My criticism on this last point would be that there is an equivocation and assumption that any notion of objectivity must depend on some external space time framework in which that objectivity can take place. Now, given people with perfect knowledge from their perceiving position, this may logically follow. But, in reality, as in the case of Leibniz’ monads we all view things from different and limited and non-perfect perspectives. What this means is that from such a limited perspective there can always be things “beyond” our perception that we do not comprehend fully. And we can rightfully refer to this domain as in some sense objective. True it is not objective in a neutral sense of being an unchanging framework background. But, of course this has been rightfully rejected ever since the rejection of Newtonian absolute space. Nevertheless, it is objective in the sense that it reaches beyond our perspective. We can point towards something beyond our perspective, and we find patterns in it that we can trust upon as reliable and repeatable. We have to be careful to not commit this “beyond” to some specific modelling of that beyond, for such is an erroneous hypostatisation of our own models of reality, which is the error of external/absolute space, that this book is rightly critical of. But, nevertheless, we cannot close off our perception to that indeterminate beyond, because that is the source of new information to us about a real world. For me, this is the way to combine a key part of idealism, with a key part of realism, without getting stuck in materialist errors of ontological hypostatisations of our own models of reality fallaciously imagined to be “out there”, and without getting trapped in our own subjective self-reflecting mirrors of reality in our perceptions, imagined to be either “in our heads”, in the case of dualism, or nowhere at all and totally placeless and groundless in the case of a pure rational idealism, or “everywhere” in the case of a panpsychism style view.

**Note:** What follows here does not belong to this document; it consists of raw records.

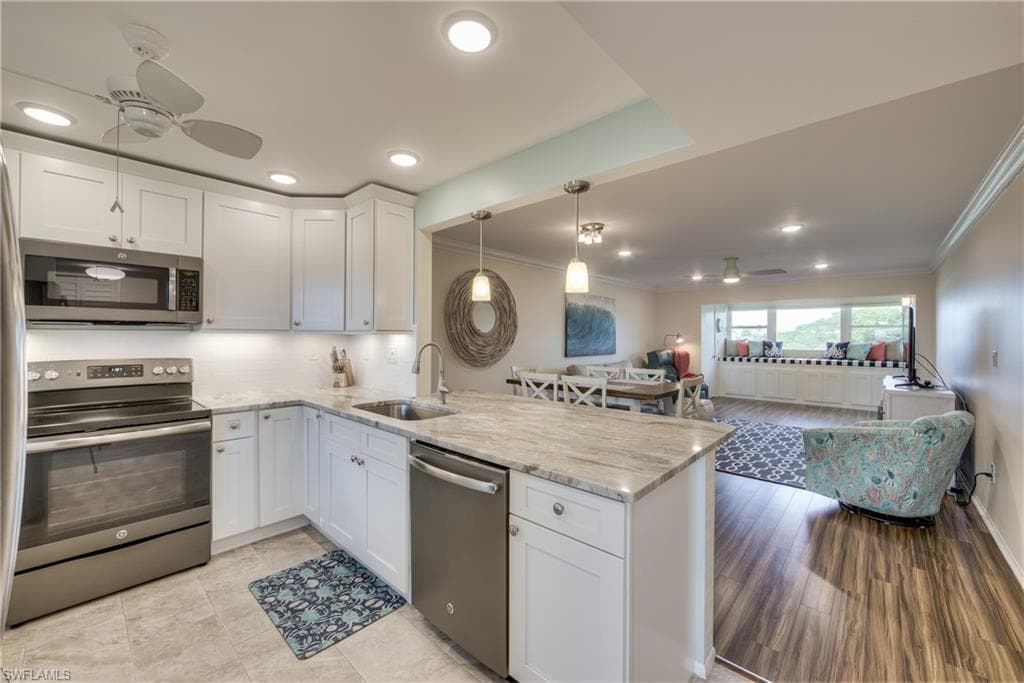 6102 Augusta DR 310 FORT MYERS, FL 33907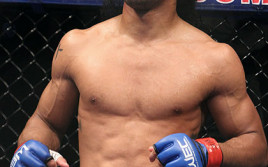 UFC Fight Night 42: Бенсон Хендерсон задушил Рустама Хабилова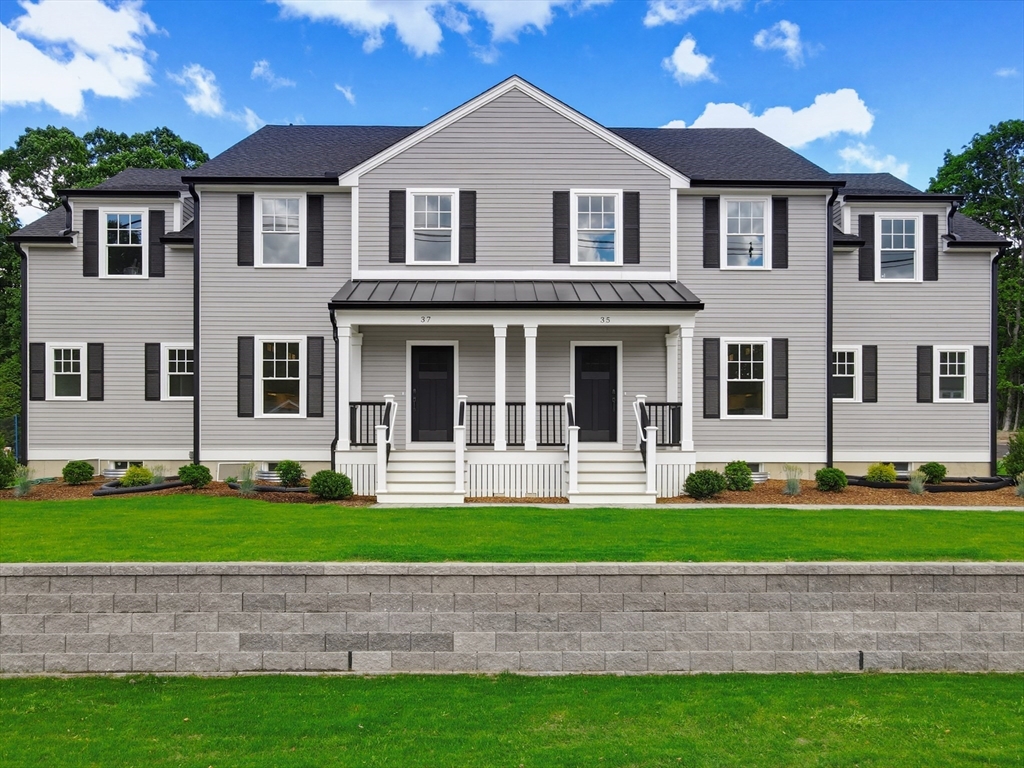 35 Poquanticut Ave #35 in North Easton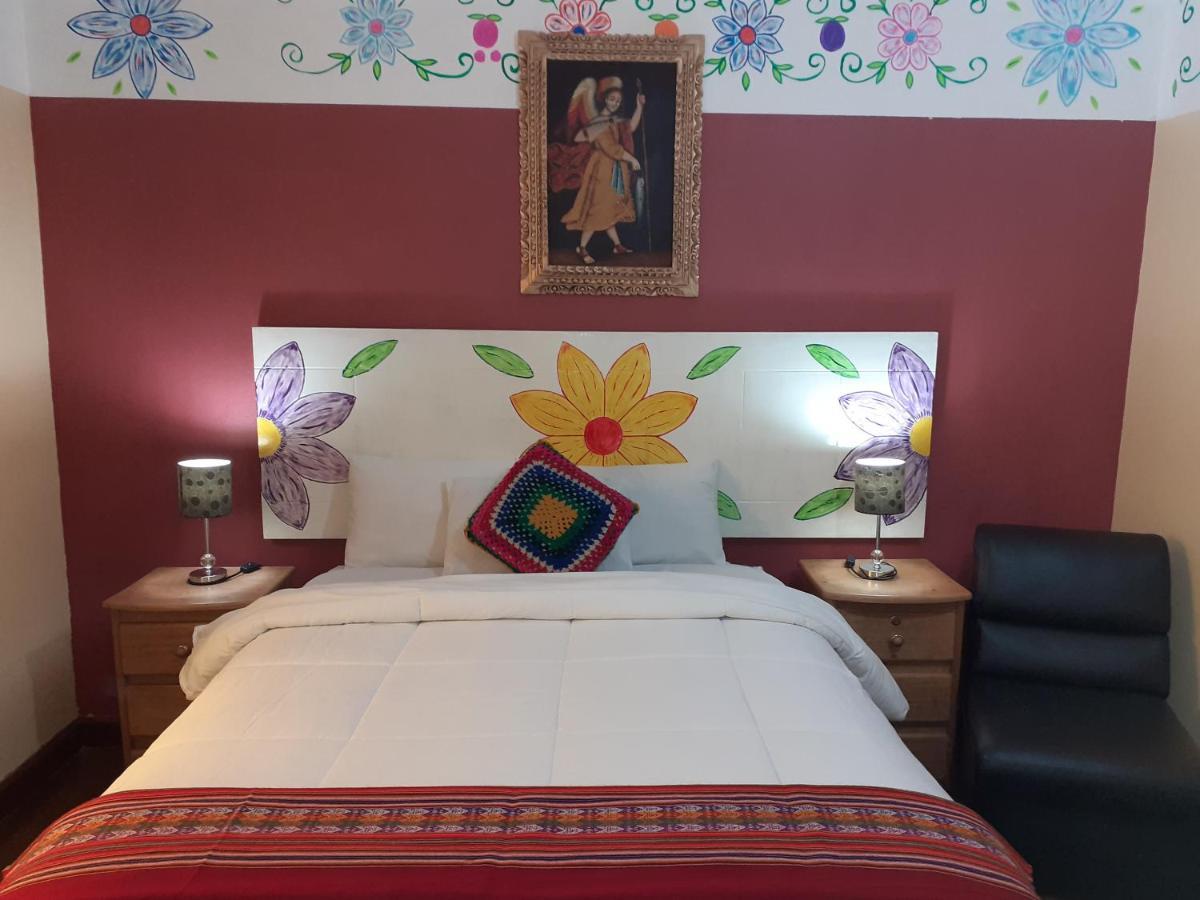 Reinbo Garden Bed & Breakfast Cusco Bagian luar foto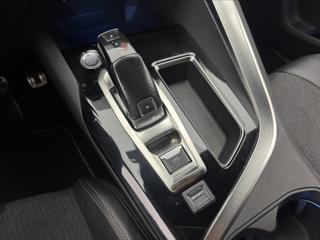 Peugeot 5008 2,0 GT AT 7MÍST PANO LED TAŽNÉ MPV - Foto 26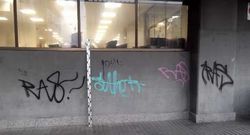 Dos pintadas en el edificio de la Xunta de la plaza de Pontevedra.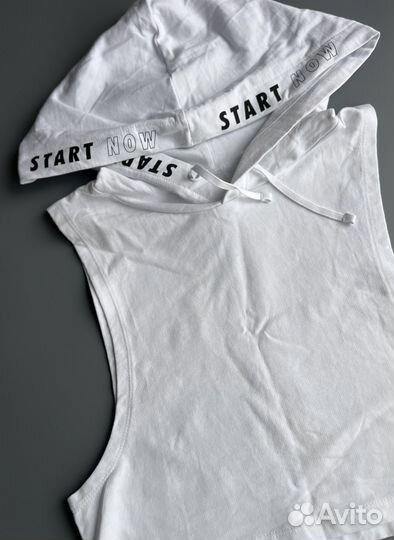 Топ женский спортивный 42-44 2 шт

I think it is critical to maintain our tenuous grip on the connection between self and reality by avoiding these trappings, as the tendency is ever present in our minds and brains as we become more engrained in our ways to become fixed and unchangeable in our outlook, either by a dogmatic belief in some thing out there, or a dogmatic belief in something in yourself. Life and evolving beings remain open to the information around them in some key ways and that is how life stays vibrant and alive in a more than merely mechanical way.